Gordon Bennett / Australia 1955—2014 / Number twelve 2007 / Left panel: 183 x 152cm; right panel: 183 x 152cm / Synthetic polymer paint on linen / The James C. Sourris AM Collection / Gift of James C. Sourris through the Queensland Art Gallery Foundation 2010 / Donated through the Australian Government’s Cultural Gifts Program / Collection: Queensland Art Gallery | Gallery of Modern Art / © The Estate of Gordon Bennett

Gordon Bennett
Number twelve 2007

On Display: QAG, Watermall

Gordon Bennett’s abstract paintings often employ continuous horizontal and vertical brushstrokes, as well as chevron patterns, and were made in a range of sizes, colours and mediums. While aiming to avoid direct symbolism, Bennett’s stripe paintings remain open to a range of interpretations.

In keeping with Bennett’s strategy of appropriation, one acknowledged reference in these works is the American Frank Stella’s so-called ‘black paintings’ of the 1950s and 60s. Bennett may have been attracted by the ambiguity of Stella’s assertion that his chevron paintings were purely formal and abstract, while their titles evoked Nazi histories and the predominantly black neighbourhoods of New York.

If Bennett’s turn to abstraction is sometimes seen as a shift within his practice, his questioning of the authority of ideas behind Western abstraction and its drive towards purity was an ongoing concern, evident in his early and continuing allusions to European artists such as Kazimir Malevich, Piet Mondrian and George Baselitz. He was also interested in non-Western forms of abstraction, as works such as his watercolour crosshatchings reveal.

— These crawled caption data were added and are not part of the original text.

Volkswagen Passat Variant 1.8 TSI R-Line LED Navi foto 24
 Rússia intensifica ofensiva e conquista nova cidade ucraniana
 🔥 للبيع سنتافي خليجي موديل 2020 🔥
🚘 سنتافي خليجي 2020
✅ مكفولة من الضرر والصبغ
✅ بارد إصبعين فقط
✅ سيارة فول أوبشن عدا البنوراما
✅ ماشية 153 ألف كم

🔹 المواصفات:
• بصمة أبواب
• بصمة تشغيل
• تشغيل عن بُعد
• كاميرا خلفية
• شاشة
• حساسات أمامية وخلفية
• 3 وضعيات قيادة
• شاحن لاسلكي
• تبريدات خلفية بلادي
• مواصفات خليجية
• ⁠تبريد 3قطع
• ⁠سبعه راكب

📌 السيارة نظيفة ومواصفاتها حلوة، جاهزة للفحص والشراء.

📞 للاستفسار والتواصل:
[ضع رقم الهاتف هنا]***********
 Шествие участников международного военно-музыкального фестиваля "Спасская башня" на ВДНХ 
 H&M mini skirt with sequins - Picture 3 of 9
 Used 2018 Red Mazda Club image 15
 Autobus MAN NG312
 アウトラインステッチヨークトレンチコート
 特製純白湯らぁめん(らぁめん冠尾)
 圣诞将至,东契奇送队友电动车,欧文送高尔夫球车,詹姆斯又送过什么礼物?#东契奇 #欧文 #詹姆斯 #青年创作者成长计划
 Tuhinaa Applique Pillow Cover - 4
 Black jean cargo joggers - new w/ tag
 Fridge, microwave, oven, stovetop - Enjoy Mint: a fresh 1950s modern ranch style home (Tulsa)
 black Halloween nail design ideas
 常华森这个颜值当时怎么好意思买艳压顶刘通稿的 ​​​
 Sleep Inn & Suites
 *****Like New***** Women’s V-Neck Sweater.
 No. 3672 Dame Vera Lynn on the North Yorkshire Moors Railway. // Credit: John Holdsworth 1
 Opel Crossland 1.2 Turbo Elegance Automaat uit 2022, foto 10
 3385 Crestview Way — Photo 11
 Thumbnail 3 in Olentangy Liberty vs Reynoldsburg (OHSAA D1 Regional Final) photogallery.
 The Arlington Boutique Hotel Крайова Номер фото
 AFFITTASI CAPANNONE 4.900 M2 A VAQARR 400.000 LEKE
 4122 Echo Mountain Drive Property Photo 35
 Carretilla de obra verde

Gordon Bennett was born in 1955 in the central Queensland town of Monto. Bennett ‘discovered’ his Aboriginality at the age of eleven. The explicit imagery in his paintings concentrates on his Indigenous heritage, the Eurocentric schooling he experienced, the subjectivity of history, patriarchal knowledge systems and racism.

Bennett attended the Queensland College of Art in Brisbane and completed a Fine Arts Degree in 1988. He had already begun exhibiting his large, semi-autobiographical paintings the previous year in group exhibitions at THAT Contemporary Art Space in Brisbane and the Museum of Contemporary Art in Sydney.

From the time he graduated from art college, Bennett’s work displayed a high level of maturity and a clear sense of direction, but it also flagged his intention to resist certain expectations or categorisations of him as a particular ‘kind’ of artist. He remained uncomfortable with terms such as ‘urban’ or Aboriginal artist, for example, throughout his career, as he consistently drew on imagery and references from Indigenous and Western approaches to art, rather than a preference for one over the other.